DL 基础 | cs231n assignment 2

cs231n assignment 2

20210913 - 20211005。

fully-connected nets

基本思想

把各种layer封装起来，就可以modular programming了。

封装一个forward，输入是computational graph节点的输入，输出是节点的输出+需要缓存的信息。

封装一个backward，输入是upstream的derivative即计算图节点输出的derivative，输出是各个计算图节点输入的derivative。

backward时可以根据链式法则，按照维度无脑矩阵乘法算偏导数。

编程细节

x_rsp = x.reshape(x.shape[0], -1) # N*d1*d2*... -> N*D，一行一个数据
A = B.dot(C) # 矩阵乘法
dx = dx.reshape(x.shape) # 把我reshape成你的shape
out = x * (x >= 0) # relu：保留≥0的值，精简numpy写法
dx = (x > 0) * dout # relu的backprop

关于fully-connected layer中的w维度：

layer_input_dim = input_dim
for i, hd in enumerate(hidden_dims):
    self.params['W%d'%(i+1)] = weight_scale * np.random.randn(layer_input_dim, hd)
    self.params['b%d'%(i+1)] = np.zeros(hd)
    if self.use_batchnorm:
        self.params['gamma%d'%(i+1)] = np.ones(hd)
        self.params['beta%d'%(i+1)] = np.zeros(hd)
    layer_input_dim = hd
self.params['W%d'%(self.num_layers)] = weight_scale * np.random.randn(layer_input_dim, num_classes)
self.params['b%d'%(self.num_layers)] = np.zeros(num_classes)

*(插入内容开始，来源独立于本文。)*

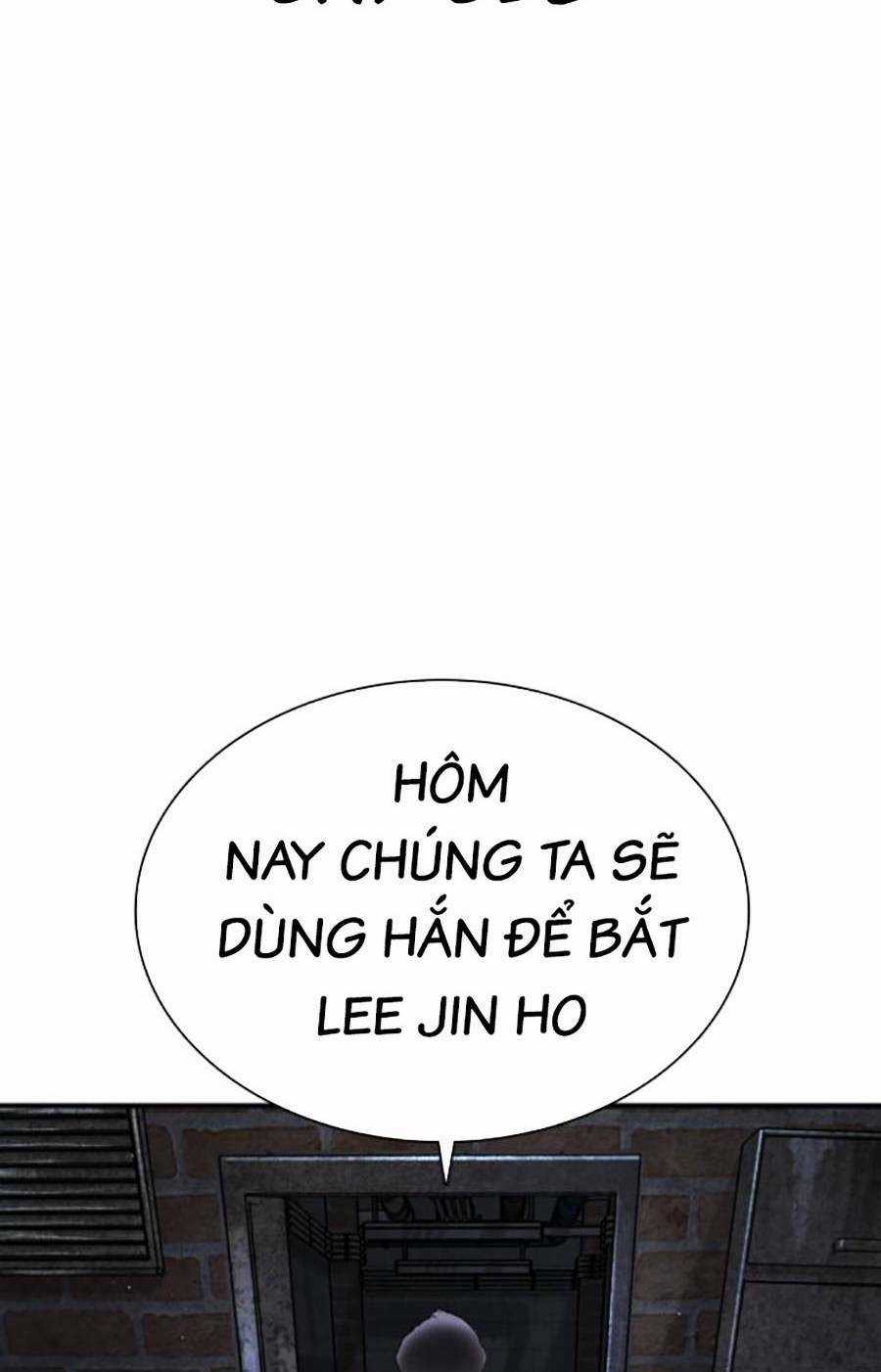 Cách Chiến Thắng Trận Đấu Chapter 200 trang 10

带momentum的stochastic gradient descent：

v = config['momentum'] * v - config['learning_rate'] * dw
# 速度衰减0.9，再加上加速度的方向
next_w = w + v # 用速度更新W
config['velocity'] = v # 记录更新后的速度

RMSProp：

config['cache'] = config['decay_rate'] * config['cache'] + (1 - config['decay_rate']) * (dx**2)
# cache：是以decay_rate为权重的，【原来cache】与【dx平方】的加权平均
next_x = x - config['learning_rate'] * dx / (np.sqrt(config['cache']) + config['epsilon'])
# next_x：走learning_rate的步长，方向为负的 dx除sqrt(cache)+小epsilon（防止除0）。

Adam：

config['t'] += 1
# t：每次更新W都++，用来牵制mb和vb的增长速度
config['m'] = config['beta1'] * config['m'] + (1 - config['beta1']) * dx
# m：是以beta1为权重的，【原来m】与【dx】的加权平均
config['v'] = config['beta2'] * config['v'] + (1 - config['beta2']) * (dx**2)
# v：是以beta2为权重的，【原来v】与【dx平方】的加权平均
mb = config['m'] / (1 - config['beta1']**config['t'])
# mb：原来m 除 1-第一个β参数的t次方，变大了一点点。随着t越来越大，β1**t越来越小，1-β1**t越来越大，除以它就越来越小。因此mb的增加速率越来越小。
vb = config['v'] / (1 - config['beta2']**config['t'])
# vb：原来v 除 1-第二个β参数的t次方，变大了一点点。与上面一样。
next_x = x - config['learning_rate'] * mb / (np.sqrt(vb) + config['epsilon'])
# next_x：走learning_rate的步长，方向为负的 mb除sqrt(vb)+小epsilon。

Adam是怎么一回事呢，就是：

我们要stochastic gradient descent，就要瞄准一个下降方向，走learning rate的步长。
瞄准什么方向呢，瞄准 mb 除 sqrt(vb)+epsilon 的方向。
mb是干啥的呢，它是 m 除 (1-β1^t)。
- 除(1-β1^{t)是用来缓慢减小mb值的，随着t累加，β1}t减小，1-β1^t增大，除它又减小，因此除它是用来缓慢减小mb值的。
- m是干啥的呢，它其实是momentum，更新公式是原m与现dx的加权平均。
那vb是干啥的呢，它是 v 除 (1-β2^t)。
- 除(1-β2^t)啊，估计也是用来缓慢减小vb值的。虽然vb最后要放在前进方向的分母上，好矛盾诶。
- v是干啥的呢，是RMSProp的奇妙操作，更新公式是原v与现dx²的加权平均。
因此，Adam综合了momentum和RMSProp，又沿着momentum方向前进，又除平方dx，同时还奇妙地用【除(1-β^t)】牵制两者。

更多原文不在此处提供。